Recorded information:
☆ ☆ ☆
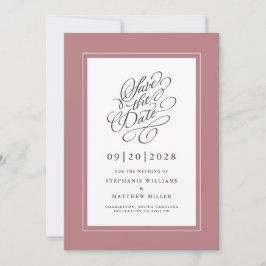 Dusty Roos Elegant Pink Wedding Calligraphy Script Save The Date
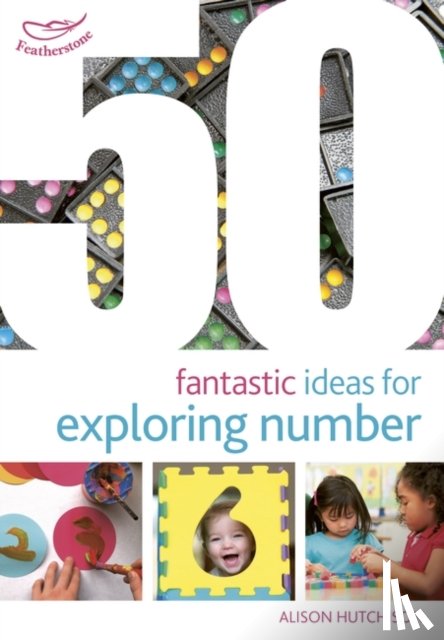 Hutchison, Alison - 50 Fantastic Ideas for Exploring Number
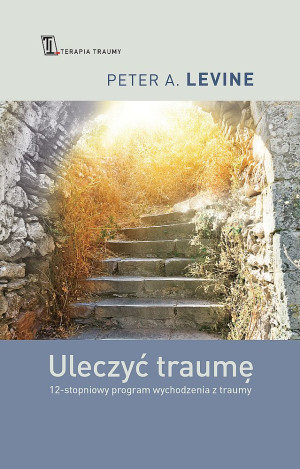 Uleczyć traumę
☆ ☆ ☆
Task statement:
None of the pictures should be reproduced; all other material above must be set down exactly.

Task result:
 Dusty Roos Elegant Pink Wedding Calligraphy Script Save The Date
 Hutchison, Alison - 50 Fantastic Ideas for Exploring Number
 Uleczyć traumę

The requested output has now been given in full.